Şimdi insan tüm bunları görmezden gelip, kendi nakıs aklıyla Allah’ın (cc) işine karışır, hükümranlığına kafa tutar ve Allah’ın (cc) koyduğu kaide ve kuralların yerine kendisi bir takım kurallar koyarsa, işte olacağı budur.
Özgecan cinayeti, birçok konuyu yeniden değerlendirmeye açtı. Yetişen gençliğin sorumsuzluğu, ailelerin sorumsuz tutumları, cehalet, ahlaksız diziler, magazin medyası, tarzlar, podyumlar, terör, töre, aşk meşk, vs… Bu ve benzeri detayların içinde boğulmaktansa, neden hiç kimse işin aslına inmiyor. İnemiyor…
Yine birileri sloganlar atacak, birileri bu konuları siyaset malzemesi yapacak, birileri bolca eğitim edebiyatı yapacak, başka birileri bol keseden kuru sıkı atacak vs… Ama hiç kimse işin aslına inmeyecek, inemeyecek. İnenlerin de sesi duyulmayacak. Hatta işin aslına inmeyi, şeriat hortlaması olarak lanse edecek niceleri…
İşin aslı, insanların ilahi adalete sırtını dönmesi değil midir? Gençliğin ısrarla, İslam’ın ahlak, fazilet ve erdemlerinden uzak tutulması değil midir? Bir asra yakındır İslam’ın tüm fazilet ve erdemlerinin, irtica, gericilik, yobazlık, örümcek kafalılık vb. yaftalarla yaftalanması değil midir? Yıllardır her türlü ahlaksızlık genç dimağlara çağdaşlık ve özgürlük diye yutturulurken, müslümanlığımızın gereği olarak yapmamız gereken nice işler yasaklanmadı mı? Aslında ceza-i müeyyidelerin de İslam’a göre uyarlanıp tatbik edilmesi de imanın gereğidir. Ama…
İlahi anayasa olan Kur’an-ı Kerim’deki kısas hükmü, her iman edenin malumudur. Allah (cc) şöyle buyurur:
“Kim bir mü’mini kasten öldürürse, cezası, içinde ebedî kalacağı cehennemdir.
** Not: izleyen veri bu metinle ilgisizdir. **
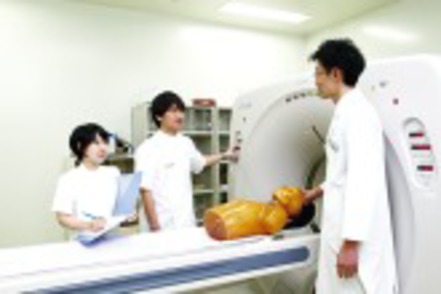 北里大学 最新の検査・治療機器を使って行われる実習によって実践的な技術を学びます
Allah, ona gazap etmiş, lânet etmiş ve onun için büyük bir azap hazırlamıştır.” (Nisa 4/93)
“Bundan dolayı İsrail oğullarına (Kitap’ta) şunu yazdık: “Kim, bir insanı, bir can karşılığı veya yeryüzünde bir bozgunculuk çıkarmak karşılığı olmaksızın öldürürse, o sanki bütün insanları öldürmüştür. Her kim de birini (hayatını kurtararak) yaşatırsa, sanki bütün insanları yaşatmıştır. Andolsun ki, onlara resullerimiz apaçık deliller (mucize ve ayetler) getirdiler. Ama onlardan birçoğu bundan sonra da (hâlâ) yeryüzünde aşırı gitmektedir.” (Maide 5/32)
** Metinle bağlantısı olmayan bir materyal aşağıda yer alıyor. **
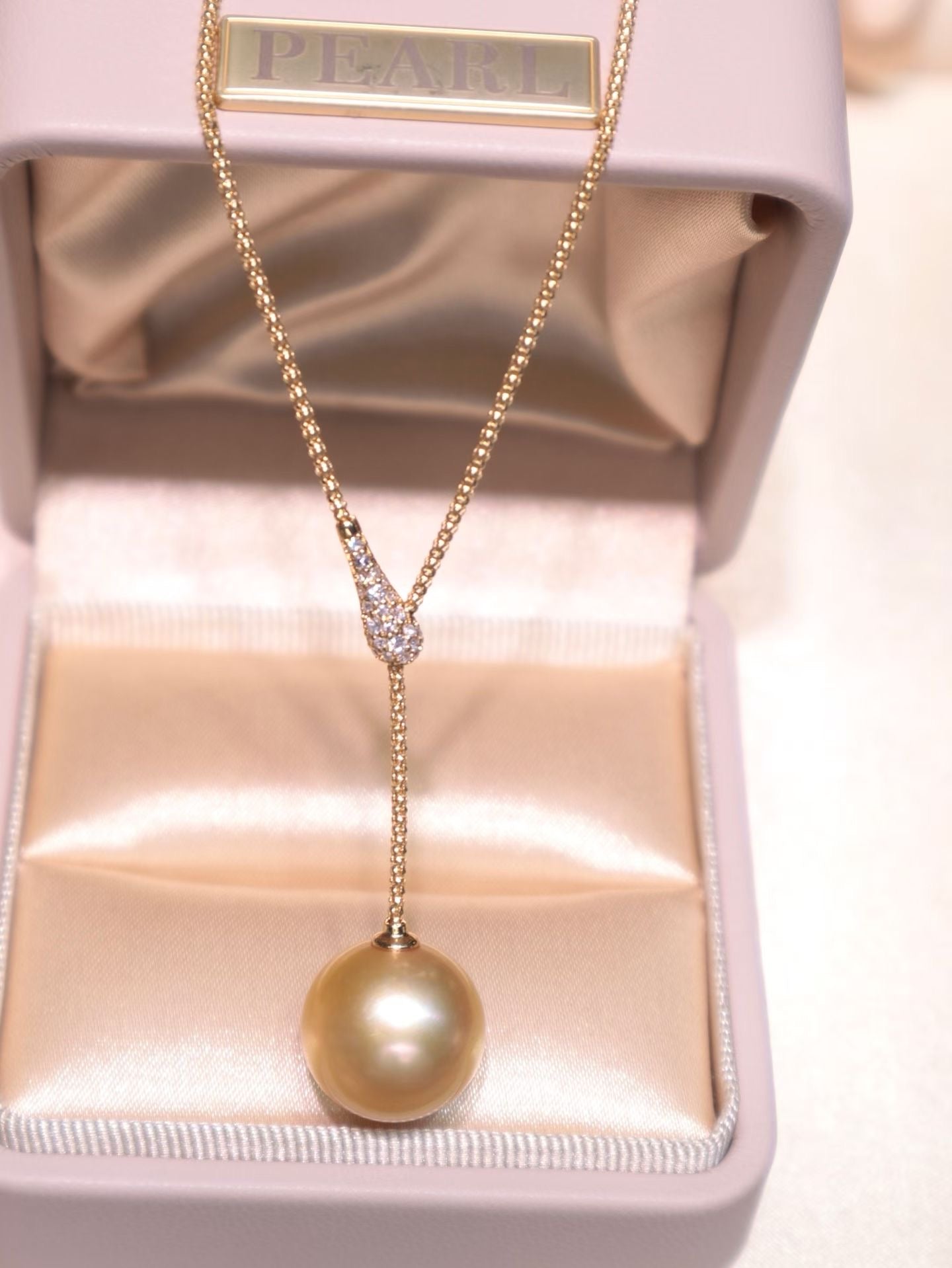 14.1mm Natural South Sea Golden Pearl Pendant Necklace in 18K Gold with Diamond Accents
Bu ilahi fermanları duyup, anlayan ve kavrayan bir insana, silah zoruyla dahi adam öldürtemezsiniz. Ama bundan mahrum bırakılmış, bunun yerine her türlü şiddeti normal gösterecek filimler, eğitici olmaktan uzak, daha çok saptırmayı ve sapıklaştırmayı hedefleyen sözüm ona sanat eserleriyle (!) kafası bulandırılmış, cahil bırakılmış insanların, her birinin başına birer bekçi bile dikilse onun kötülüğüne engel olamazsınız. Şimdi şu ilahi fermanı iyice düşünelim.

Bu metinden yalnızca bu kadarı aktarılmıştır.